É de uma clareza meridiana sua visão acerta dos juízes que “interpretam a lei imersos na confusão de atitude mental política com a atitude mental jurídica.

Critica o juiz que imagina interpretar a lei, mas na verdade faz política.  Suas críticas aos juízes são de uma atualidade cristalina.

Diz tudo ao afirmar:

“O juiz é o intérprete da vontade da lei, não o seu árbitro”.

Para Becker as pessoas não têm idade. Cita Pascal que aos 28 anos enfrentou Descartes. Propõe a fala, a conversa, o diálogo, o respeito. Nada mais atual do que o capitulo XV quando nos ensina sobre a Honestidade Intelectual. Lembrando Descartes, diz que a “multidão de teorias é uma desculpa para a preguiça intelectual. ”

Combate a desculpa. Contrapõe-se a ela, mostrando a sabedoria de um cego, a importância de bons livros, já que não é a quantidade deles que conta mais.
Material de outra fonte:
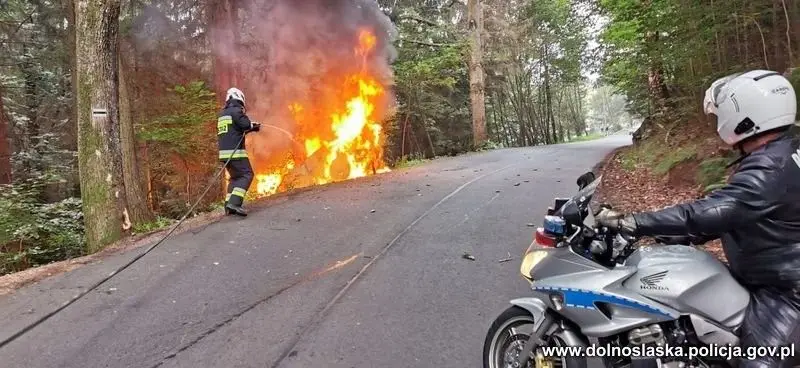 Akcja służb w Jeleniej Górze. Auto wjechało w drzewo i stanęło w ogniu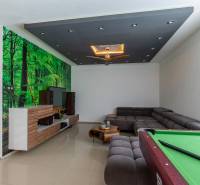 Living room with a forest wallpaper, a billiard table, and a large corner sofa in a family house.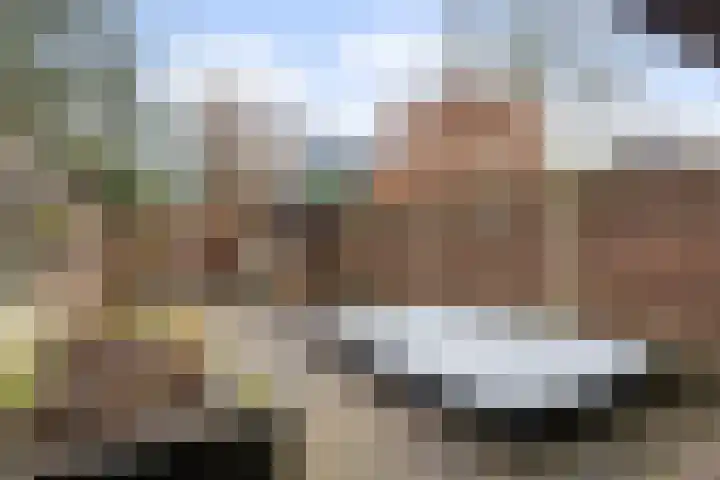 Anijsstraat 11 Apeldoorn thumbnail 25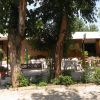 Area esterna di un caffè all'aperto con tavoli e sedie, circondata da alberi e piante.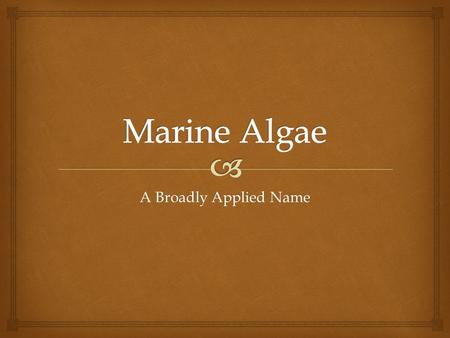 A Broadly Applied Name.   Algae are the ocean counterparts of plants, accounting for as much as 90% of the Earth’s primary productivity and oxygen production.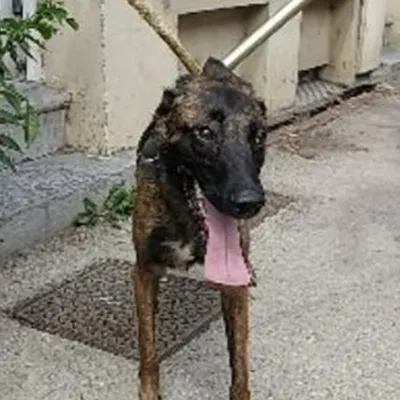 Merville : un chien récupéré par les gendarmes après des actes de...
Retoma a defesa da linguagem inteligível e clara.

Dá duríssimo combate ao fascínio pela “Kultur” germânica, estraçalhando a teoria jurídica tributária de Enno Becker (o tributarista alemão) que introduz os ditames da economia do partido nacional-socialista de Hitler para justificar a lei tributária da época.

Becker mostra em seu “Carnaval Tributário” que foi um combatente de boas causas, iluminista, sincero, amigável, crítico e cordato, um estudioso do Direito Tributário sem tornar-se servo de sua aspereza e dureza, sem se deixar contaminar pela arrogância de certos doutos; o que lhe deu condições de largar este “Carnaval” de poucos e pensar mais nas pessoas de tanga ou náufragos, para buscar outras searas para ser mais e ter mais gosto pela vida.